*Work instructions:* Could you reproduce the lines below from the one with "Photo - 203 Elm St House" through the one with "Melody Radfords se"? Keep both ends and add nothing.

** Opening Data for the task block **

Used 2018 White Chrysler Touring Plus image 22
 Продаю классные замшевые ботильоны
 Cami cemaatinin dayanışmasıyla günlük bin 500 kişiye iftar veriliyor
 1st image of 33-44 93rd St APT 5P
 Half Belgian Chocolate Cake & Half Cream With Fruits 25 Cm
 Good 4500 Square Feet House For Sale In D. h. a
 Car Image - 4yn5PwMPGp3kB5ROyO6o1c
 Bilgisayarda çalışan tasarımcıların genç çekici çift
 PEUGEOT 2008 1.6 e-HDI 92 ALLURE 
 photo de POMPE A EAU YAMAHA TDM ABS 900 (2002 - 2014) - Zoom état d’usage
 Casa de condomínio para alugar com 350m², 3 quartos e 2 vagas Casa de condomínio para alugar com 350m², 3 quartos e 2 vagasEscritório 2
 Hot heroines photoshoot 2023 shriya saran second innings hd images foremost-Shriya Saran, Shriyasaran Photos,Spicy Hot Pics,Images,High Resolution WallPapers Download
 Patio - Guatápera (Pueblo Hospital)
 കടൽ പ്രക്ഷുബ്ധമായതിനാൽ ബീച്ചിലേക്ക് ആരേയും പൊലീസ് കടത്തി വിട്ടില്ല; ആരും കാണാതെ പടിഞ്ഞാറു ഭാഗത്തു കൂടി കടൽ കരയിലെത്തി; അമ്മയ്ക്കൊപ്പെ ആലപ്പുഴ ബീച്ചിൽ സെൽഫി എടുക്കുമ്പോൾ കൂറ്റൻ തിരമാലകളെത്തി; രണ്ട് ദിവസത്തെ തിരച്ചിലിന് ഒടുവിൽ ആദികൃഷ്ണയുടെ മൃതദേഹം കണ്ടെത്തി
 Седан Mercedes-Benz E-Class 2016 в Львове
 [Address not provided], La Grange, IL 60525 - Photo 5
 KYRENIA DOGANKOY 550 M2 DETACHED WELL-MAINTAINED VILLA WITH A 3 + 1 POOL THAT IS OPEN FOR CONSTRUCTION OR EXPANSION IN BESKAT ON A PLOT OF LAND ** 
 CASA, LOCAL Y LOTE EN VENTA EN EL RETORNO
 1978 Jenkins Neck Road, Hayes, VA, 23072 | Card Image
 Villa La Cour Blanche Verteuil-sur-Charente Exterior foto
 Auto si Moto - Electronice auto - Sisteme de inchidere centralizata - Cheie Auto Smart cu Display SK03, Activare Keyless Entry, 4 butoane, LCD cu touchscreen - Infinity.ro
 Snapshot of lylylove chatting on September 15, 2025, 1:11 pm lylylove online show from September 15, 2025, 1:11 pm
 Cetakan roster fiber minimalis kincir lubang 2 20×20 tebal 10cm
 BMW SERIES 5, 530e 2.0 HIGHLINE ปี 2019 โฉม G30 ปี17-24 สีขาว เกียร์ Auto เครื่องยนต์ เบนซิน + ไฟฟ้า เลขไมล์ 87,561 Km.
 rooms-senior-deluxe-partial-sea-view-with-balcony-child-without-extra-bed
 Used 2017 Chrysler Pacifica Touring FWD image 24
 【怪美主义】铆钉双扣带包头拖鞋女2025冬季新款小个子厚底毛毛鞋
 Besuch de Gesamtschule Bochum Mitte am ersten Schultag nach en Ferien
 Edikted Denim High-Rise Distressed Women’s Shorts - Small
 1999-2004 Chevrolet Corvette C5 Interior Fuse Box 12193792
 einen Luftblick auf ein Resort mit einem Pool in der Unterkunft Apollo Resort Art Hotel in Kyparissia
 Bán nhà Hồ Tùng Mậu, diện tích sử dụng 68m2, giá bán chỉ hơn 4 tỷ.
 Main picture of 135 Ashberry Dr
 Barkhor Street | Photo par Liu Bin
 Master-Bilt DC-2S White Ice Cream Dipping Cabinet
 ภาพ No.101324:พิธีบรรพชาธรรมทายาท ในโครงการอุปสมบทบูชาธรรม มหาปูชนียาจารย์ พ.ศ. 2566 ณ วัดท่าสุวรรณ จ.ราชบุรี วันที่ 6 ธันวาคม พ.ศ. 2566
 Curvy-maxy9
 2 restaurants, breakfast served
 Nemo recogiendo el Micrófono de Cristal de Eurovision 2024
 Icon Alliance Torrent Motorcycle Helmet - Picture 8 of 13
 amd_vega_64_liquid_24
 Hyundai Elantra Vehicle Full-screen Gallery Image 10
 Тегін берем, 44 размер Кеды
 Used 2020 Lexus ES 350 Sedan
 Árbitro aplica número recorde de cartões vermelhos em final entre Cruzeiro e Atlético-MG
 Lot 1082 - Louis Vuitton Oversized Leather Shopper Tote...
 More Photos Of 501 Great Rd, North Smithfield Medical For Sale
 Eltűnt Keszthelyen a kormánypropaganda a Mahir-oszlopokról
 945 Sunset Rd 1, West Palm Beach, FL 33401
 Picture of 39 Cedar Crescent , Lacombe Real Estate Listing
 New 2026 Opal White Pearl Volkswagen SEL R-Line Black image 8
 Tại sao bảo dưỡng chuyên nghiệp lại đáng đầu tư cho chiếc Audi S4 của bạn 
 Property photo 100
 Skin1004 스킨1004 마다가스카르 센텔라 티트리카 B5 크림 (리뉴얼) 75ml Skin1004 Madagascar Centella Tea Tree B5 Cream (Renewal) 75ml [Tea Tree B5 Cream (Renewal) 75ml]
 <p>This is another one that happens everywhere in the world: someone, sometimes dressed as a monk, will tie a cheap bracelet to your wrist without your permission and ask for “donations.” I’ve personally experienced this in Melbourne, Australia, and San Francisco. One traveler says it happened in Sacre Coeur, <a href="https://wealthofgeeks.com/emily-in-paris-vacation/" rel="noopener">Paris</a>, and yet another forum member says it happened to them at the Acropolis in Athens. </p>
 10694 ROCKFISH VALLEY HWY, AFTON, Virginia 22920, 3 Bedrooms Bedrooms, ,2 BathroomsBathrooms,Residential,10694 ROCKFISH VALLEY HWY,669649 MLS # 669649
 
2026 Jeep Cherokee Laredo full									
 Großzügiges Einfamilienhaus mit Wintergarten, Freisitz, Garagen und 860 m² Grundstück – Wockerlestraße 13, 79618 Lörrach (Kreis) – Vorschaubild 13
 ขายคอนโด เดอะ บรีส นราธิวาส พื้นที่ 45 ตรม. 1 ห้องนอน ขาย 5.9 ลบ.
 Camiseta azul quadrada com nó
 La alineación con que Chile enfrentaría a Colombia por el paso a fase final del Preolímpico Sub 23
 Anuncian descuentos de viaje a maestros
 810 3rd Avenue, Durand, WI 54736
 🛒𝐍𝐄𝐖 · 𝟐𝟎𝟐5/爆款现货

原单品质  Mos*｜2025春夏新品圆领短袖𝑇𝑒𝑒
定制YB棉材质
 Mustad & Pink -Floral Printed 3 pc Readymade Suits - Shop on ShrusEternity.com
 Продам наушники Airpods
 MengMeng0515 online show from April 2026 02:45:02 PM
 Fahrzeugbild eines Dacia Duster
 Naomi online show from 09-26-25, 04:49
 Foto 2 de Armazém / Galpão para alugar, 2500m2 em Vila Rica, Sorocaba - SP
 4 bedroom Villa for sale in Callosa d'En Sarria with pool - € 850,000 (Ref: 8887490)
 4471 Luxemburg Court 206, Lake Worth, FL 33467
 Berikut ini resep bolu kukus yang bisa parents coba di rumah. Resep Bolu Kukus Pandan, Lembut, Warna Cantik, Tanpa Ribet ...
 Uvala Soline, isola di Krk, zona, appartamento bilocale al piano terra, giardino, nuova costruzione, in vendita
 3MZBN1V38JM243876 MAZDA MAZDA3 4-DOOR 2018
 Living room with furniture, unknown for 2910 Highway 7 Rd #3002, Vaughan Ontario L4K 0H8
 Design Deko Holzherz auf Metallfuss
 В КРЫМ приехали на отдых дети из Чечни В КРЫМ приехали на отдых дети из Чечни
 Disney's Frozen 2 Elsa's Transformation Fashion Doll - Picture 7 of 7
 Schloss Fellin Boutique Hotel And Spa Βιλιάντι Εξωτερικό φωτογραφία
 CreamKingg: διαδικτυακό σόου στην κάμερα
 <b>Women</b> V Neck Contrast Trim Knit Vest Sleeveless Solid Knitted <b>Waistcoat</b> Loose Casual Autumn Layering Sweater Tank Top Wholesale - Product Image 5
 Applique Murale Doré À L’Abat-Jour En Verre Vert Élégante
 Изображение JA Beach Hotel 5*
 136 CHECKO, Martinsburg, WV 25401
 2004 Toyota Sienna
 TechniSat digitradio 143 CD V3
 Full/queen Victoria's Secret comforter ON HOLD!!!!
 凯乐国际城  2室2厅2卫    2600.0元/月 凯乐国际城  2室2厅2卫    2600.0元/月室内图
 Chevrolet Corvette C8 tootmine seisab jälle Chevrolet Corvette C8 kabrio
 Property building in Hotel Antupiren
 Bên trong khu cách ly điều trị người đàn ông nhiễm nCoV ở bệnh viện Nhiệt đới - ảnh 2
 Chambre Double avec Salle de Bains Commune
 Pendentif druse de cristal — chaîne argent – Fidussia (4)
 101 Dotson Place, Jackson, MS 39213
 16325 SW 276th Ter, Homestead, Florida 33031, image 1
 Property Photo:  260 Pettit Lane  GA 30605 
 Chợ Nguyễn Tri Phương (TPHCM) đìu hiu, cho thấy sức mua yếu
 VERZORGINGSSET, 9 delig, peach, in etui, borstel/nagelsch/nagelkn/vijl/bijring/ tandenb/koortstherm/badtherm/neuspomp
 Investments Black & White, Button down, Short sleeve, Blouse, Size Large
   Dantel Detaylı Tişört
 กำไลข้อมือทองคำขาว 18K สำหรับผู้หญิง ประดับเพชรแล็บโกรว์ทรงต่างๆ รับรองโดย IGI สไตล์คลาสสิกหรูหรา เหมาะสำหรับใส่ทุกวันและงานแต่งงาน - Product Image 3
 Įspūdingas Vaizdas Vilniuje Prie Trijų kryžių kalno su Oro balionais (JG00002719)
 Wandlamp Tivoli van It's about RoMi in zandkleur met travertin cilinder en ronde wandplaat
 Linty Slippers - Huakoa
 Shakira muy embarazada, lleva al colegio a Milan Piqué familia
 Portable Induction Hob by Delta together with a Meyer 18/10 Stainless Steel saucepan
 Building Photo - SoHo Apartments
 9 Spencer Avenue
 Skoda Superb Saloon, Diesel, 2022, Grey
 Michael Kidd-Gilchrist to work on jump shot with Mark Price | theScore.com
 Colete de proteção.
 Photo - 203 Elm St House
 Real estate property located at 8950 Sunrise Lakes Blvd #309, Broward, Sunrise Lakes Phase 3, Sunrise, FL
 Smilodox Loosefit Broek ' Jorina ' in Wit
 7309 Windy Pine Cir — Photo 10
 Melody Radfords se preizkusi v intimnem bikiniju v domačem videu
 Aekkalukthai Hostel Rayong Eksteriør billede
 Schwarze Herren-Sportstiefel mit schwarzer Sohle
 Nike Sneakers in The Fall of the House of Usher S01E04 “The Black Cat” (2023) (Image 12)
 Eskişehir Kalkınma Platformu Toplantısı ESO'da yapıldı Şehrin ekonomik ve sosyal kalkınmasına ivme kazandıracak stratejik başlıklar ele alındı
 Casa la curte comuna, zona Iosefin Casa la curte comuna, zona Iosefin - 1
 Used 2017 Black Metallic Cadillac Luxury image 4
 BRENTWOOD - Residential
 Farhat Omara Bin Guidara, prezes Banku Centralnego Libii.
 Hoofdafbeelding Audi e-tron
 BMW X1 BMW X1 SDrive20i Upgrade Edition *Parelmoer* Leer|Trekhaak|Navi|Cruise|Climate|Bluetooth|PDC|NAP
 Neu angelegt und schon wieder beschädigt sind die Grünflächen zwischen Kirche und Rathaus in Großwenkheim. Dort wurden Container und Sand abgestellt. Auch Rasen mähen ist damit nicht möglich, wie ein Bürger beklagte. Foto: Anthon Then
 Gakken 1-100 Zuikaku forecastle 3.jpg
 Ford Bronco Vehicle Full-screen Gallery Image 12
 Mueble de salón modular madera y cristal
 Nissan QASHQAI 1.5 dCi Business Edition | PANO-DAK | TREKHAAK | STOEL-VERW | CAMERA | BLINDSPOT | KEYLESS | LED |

** Closing Data for the task block **

*Solution to this exercise:*
 Photo - 203 Elm St House
 Real estate property located at 8950 Sunrise Lakes Blvd #309, Broward, Sunrise Lakes Phase 3, Sunrise, FL
 Smilodox Loosefit Broek ' Jorina ' in Wit
 7309 Windy Pine Cir — Photo 10
 Melody Radfords se preizkusi v intimnem bikiniju v domačem videu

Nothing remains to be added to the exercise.